Di questo annuncio è però importante tener presenti almeno due cose: il luogo da dove si annuncia e il cosa dire.

La strada
come pulpito
Il luogo spesso incide sul contenuto, come quando si parla di pace in un salotto o in mezzo a campo di battaglia. Gesù era un profeta “in uscita” – spiega il professor Ricca – poiché il “pulpito da cui predicava” non era tanto la sinagoga o il tempio, ma soprattutto la strada, lungo la quale incontrava i cosiddetti “malati” (Levi, Zaccheo, cieco, lebbroso, emorroissa, ecc.). Questo particolare mostra che il Vangelo è una “Parola in movimento”, in uscita, come fu il comando di Dio per Abramo: «Esci dalla tua terra!» (Gn 12). Il Dio che annunciamo non è un Dio che aspetta che gli uomini vadano da Lui, ma è Lui ad uscire verso di loro e lo ha fatto nel Figlio; poi negli apostoli, fino agli odierni evangelizzatori e missionari. È sulla strada che il vangelo fiorisce!

L’essenzialità
dell’annuncio
Il modo, lo stile con cui si annuncia il Vangelo è già il suo contenuto, che si può snodare lungo quattro linee, espresse dal pastore valdese a mò di slogans:
a) più sapienza e meno dottrina: leggiamo nei vangeli che Gesù insegna poca dottrina e molta sapienza; non fornisce definizioni, ma le similitudini delle parabole: semplici e incisive. Gesù chiedeva ai suoi interlocutori una cosa semplicissima: un atto di fede nella sua persona, un abbandono fiducioso in Dio. Questo devono predicare i missionari del vangelo, come ci ha messo in guardia papa Francesco: «A volte, ascoltando un linguaggio completamente ortodosso, quello che i fedeli ricevono è qualcosa che non corrisponde al Vangelo. Con la santa intenzione di comunicare loro verità su Dio, diamo loro un falso dio; siamo fedeli a una formulazione ma non trasmettiamo la sostanza» (Evangeli Gaudium, 41).

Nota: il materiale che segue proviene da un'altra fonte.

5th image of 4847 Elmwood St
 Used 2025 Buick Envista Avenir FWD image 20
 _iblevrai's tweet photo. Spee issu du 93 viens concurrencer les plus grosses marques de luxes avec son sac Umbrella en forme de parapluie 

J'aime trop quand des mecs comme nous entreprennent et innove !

b) Dio è reale>: è vivo ed è il centro della predicazione di Gesù. Egli non ha insegnato altro che Dio: «Mio cibo è fare la volontà del Padre» (Gv 4,31). Oggi nulla è più urgente che ritrovare il centro dell’annuncio: «Gesù Cristo ti ama, ha dato la sua vita per salvarti, e adesso è vivo al tuo fianco ogni giorno, per illuminarti, per rafforzarti, per liberarti» (Evengelii Gaudium, 164).
c) L’umanità di Dio: nell’incarnazione Dio rivela non solo la sua divinità, ma anche la “sua umanità”. È importante tenerlo presente, perché oggi l’uomo rischia di diventare disumano. Annunciare allora che Dio è “veramente uomo” è davvero una buona notizia, perché l’uomo ancora non ce l’ha fatta a diventarlo! Dio è custode della nostra vera identità; con Dio siamo più uomini.
d) Fede come amore: invitare alla fede è invitare a vivere l’amore. Gesù ha dato solo due comandamenti: l’amore a Dio con “tutto il cuore” e l’amore al prossimo “come a se stessi”. Questo è il nucleo della fede viva. Solo l’amore resta e l’amore è la virtù teologale più grande. Perché? Perché «la fede ci fa vivere di fronte a Dio, la speranza ci fa vivere verso Dio, ma la carità, invece, ci fa vivere in Dio, per cui annulla la distanza tra l’uomo e Dio»: questo, appunto, dobbiamo annunciare e insegnare.